With both ends included, repeat exactly the lines of the entries below from the one containing "view of patio" down to the one containing "Stylish bathroom featuring", and no others.

┌─ Exercise material

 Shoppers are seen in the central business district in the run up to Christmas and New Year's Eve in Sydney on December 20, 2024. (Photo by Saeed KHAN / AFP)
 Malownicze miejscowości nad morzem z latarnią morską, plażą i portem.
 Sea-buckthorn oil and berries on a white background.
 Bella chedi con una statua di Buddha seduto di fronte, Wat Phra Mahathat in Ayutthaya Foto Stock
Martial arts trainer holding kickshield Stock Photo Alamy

└─
┌─ Exercise material

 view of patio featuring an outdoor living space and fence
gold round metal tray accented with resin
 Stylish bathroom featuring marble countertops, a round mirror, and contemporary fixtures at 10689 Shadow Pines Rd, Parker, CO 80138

└─
┌─ Exercise material

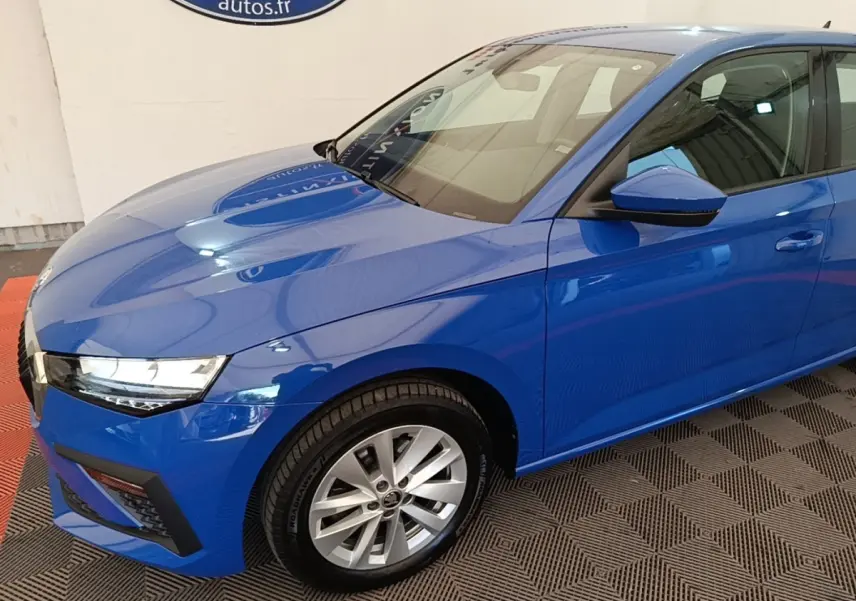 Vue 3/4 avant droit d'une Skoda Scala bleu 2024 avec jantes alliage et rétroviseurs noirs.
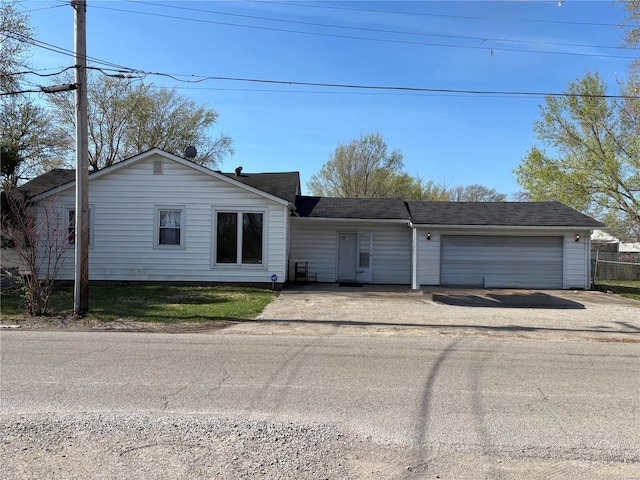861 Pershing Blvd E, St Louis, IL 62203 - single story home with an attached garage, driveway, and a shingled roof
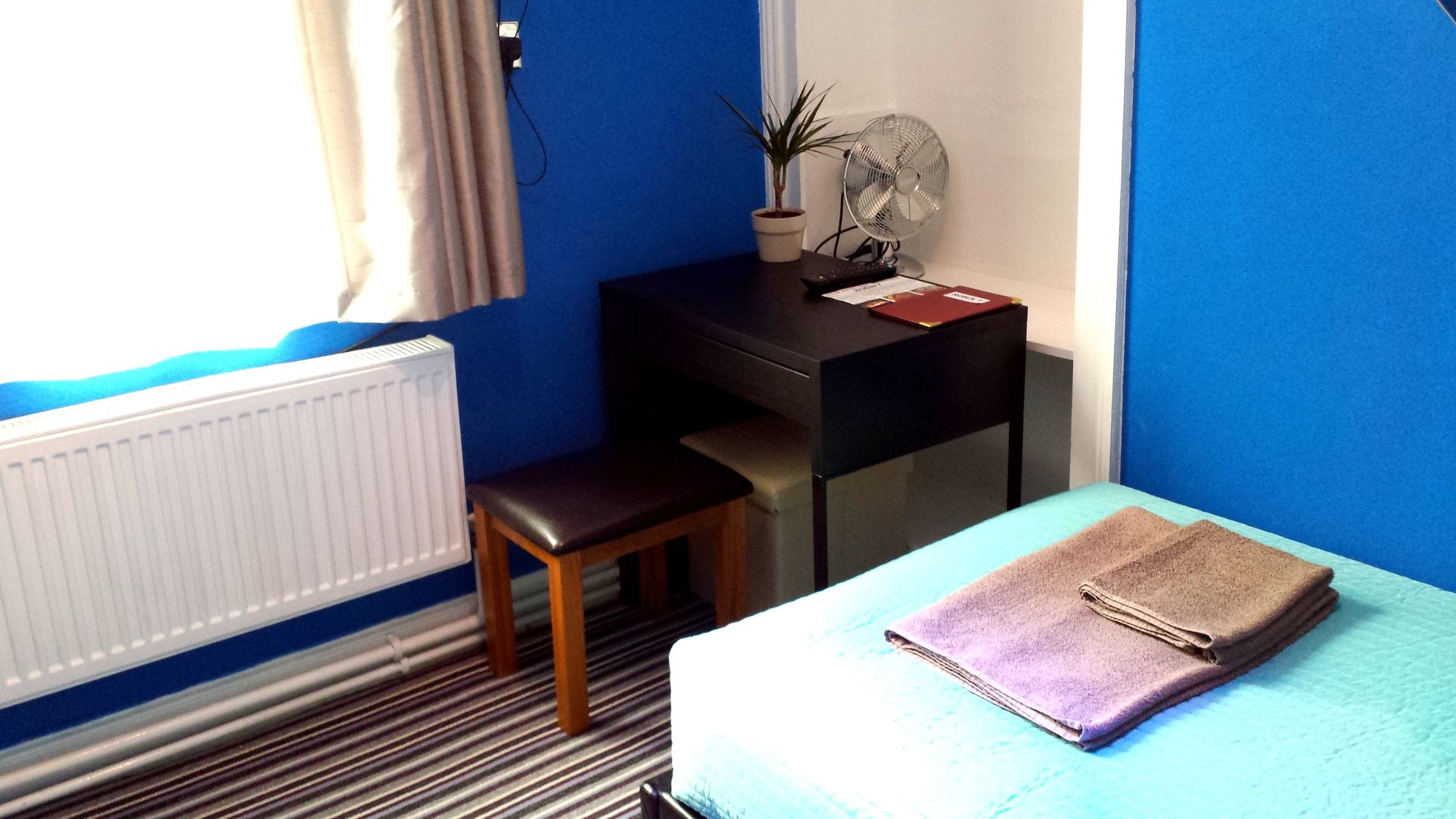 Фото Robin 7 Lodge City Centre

└─

Expected answer -
 view of patio featuring an outdoor living space and fence
gold round metal tray accented with resin
 Stylish bathroom featuring marble countertops, a round mirror, and contemporary fixtures at 10689 Shadow Pines Rd, Parker, CO 80138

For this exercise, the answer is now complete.